For the listing below, work out the number of lines that hold "with" and return that number alone.
─── Source data ───
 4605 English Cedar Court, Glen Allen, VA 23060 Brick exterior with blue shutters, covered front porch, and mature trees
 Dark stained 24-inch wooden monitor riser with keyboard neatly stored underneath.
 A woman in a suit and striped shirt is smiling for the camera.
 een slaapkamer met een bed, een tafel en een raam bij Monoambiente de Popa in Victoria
───
─── Source data ───
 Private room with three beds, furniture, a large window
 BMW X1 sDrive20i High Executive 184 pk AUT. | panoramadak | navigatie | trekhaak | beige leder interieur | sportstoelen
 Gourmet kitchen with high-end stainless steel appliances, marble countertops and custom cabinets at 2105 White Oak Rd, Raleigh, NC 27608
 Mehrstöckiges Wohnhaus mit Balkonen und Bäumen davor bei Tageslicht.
───
= Reply to the task =
4